According to the CIDG, Jaum is a cousin of alleged NPA leader Domingo “Commander Cobra” Compoc.
First Lt. Grace Remonde, civil military officer of the Philippine Army’s 47th Infantry Battalion, also said that Jaum is believed to be part of Compoc’s group which is feared to have been hiding in the hinterlands of Bilar.
Remonde however said that they have yet to determine whether or not Jaum was among the 15-man armed group which engaged troops from the 47th IB in a 30-minute gunfight in Bilar on Saturday last week.
“Dili pa ta ka determine ana kay ongoing pa ang interrogation,” she said.
Jaum, along with several others including Compoc and other alleged NPA leaders Roy Erecre and Silvano Clamucha allegedly ambushed a unit of the 7th Special Forces Company led by 2nd Lt. Socrates Que in Sta. Catalina, Sagbayan in 2000.
Que along with 11 others were killed in the attack.
Jaum was briefly detained at the Tagbilaran City Police Station but was transferred to the Bohol District Jail on Wednesday considering that he is a high-risk detainee.

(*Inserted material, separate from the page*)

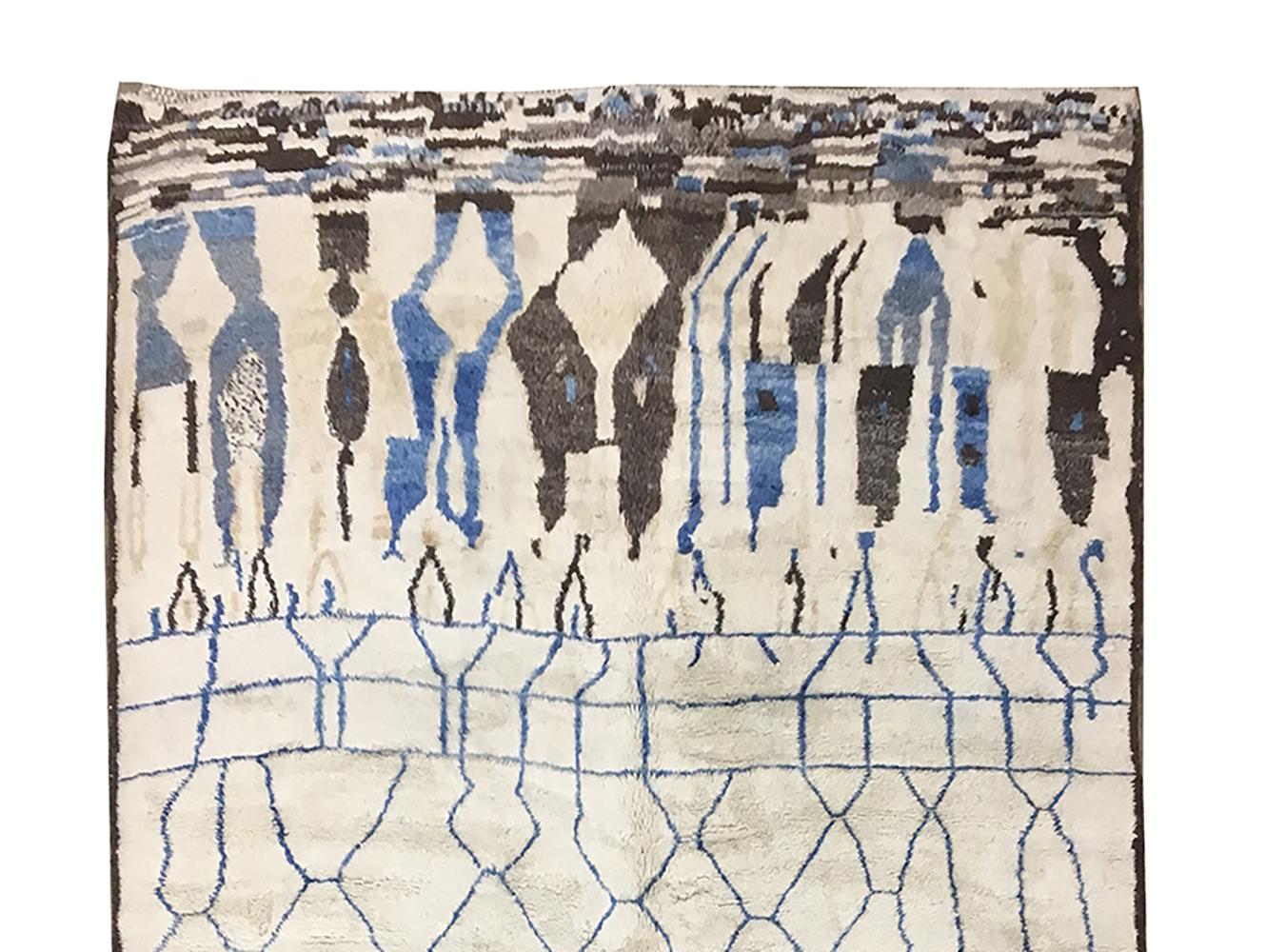 XXI secolo e contemporaneo Tappeto moderno marocchino di metà secolo Avorio Blu Marrone Pesca di Silk Road Rug Inc. in vendita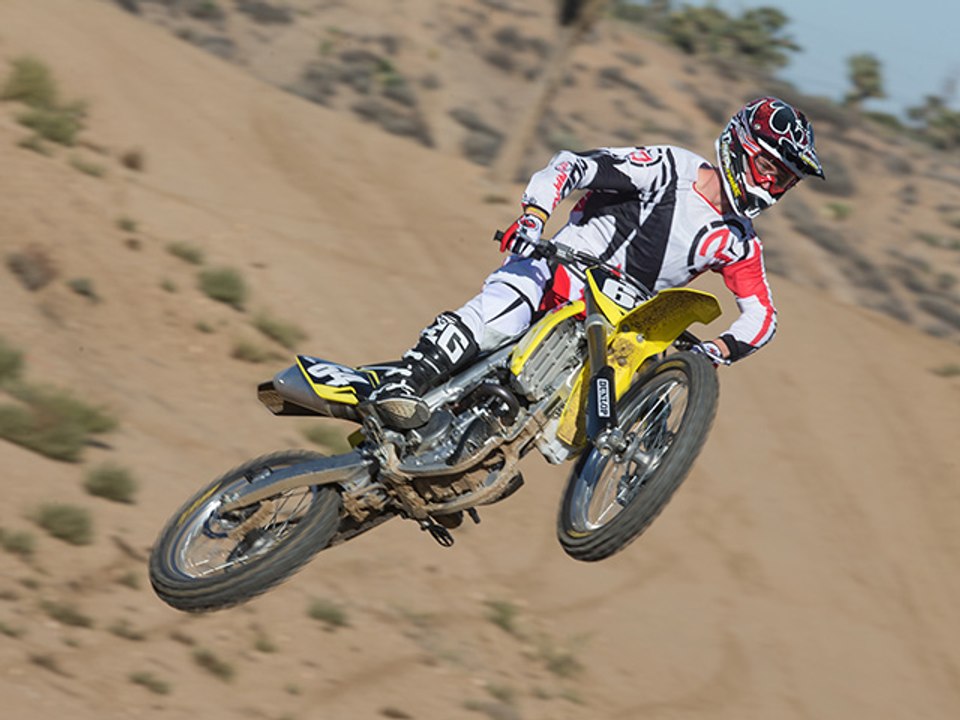 2016 Suzuki RM-Z250, Dirt Rider 250F Motocross Shootout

Bohol used to be a hotbed of communist guerrilla movement but the government was able to crush the rebel group’s stronghold in the province in the late 2000s with the island being declared insurgency-free in 2010.
However, reports of several sightings of armed men started to surface in 2018.
Two clashes between government forces and suspected rebels also erupted in Bilar and Batuan in 2018 and 2019, respectively, but authorities have maintained that Bohol is still insurgency-free and have vowed to keep the province free of communist guerrillas.